CRDTs are fascinating, but to me feel like overengineered "solutions" to fundamentally social problems.

Every time I've worked with people on the same document, there's always the same power structure: one person "hosts" the session, and everyone else is a "guest" acting politely while changing the document.

As the host, I can make authoritative calls about the document's content and structure
As a guest, I can make changes, but I'm not going to make a fuss if those changes are backed out or altered

It can get a bit messy when multiple people are trying to change the same thing. (i.e. everyone adding items to the same list)

But that messiness is social, we end up talking with each other to come up with an ad-hoc strategy to work together. (i.e. split the list so each person has their own; merge afterward)

And once the session is over, the host typically does a bit of tidying up of the loose ends once everyone has left.

Build "multiplayer" support that embraces this power structure

Instead of reaching for CRDTs and distributed state synchronization (where all parties are "equal" in ownership and intent), let's reach for the same tools used when a client makes requests of data on a server.

There then is no difference between a client/server structure and a peer-to-peer multiplayer structure. The client is a guest and the server is the host.

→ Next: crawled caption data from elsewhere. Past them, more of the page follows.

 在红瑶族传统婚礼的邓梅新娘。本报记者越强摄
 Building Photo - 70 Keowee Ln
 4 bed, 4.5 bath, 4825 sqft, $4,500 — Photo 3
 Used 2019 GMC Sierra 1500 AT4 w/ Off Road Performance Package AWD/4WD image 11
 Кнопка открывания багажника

Document coordination could be as simple as:

Event	Response
A guest joins	The host tells them the state of the world.
Host makes a change	The host tells all guests what has changed.
A guest makes a change	The guest asks the host to accept a change.
	Guests may optimistically update their local view (but be prepared to roll back).
	The host may automatically or manually accept/reject this change depending on the host's state.
Host accepts guest change	The host makes the change and tells all guests what has changed.
Host rejects guest change	The host rejects the change, resulting in no state changes.

Does this actually work?

Probably! I'm not sure, but I'm going to try.

Hopefully, I'll have an implementation of the above soon, which will allow multiple people to operate as guests on a document hosted by one of the users—without any servers requiring heavy maintenance involved.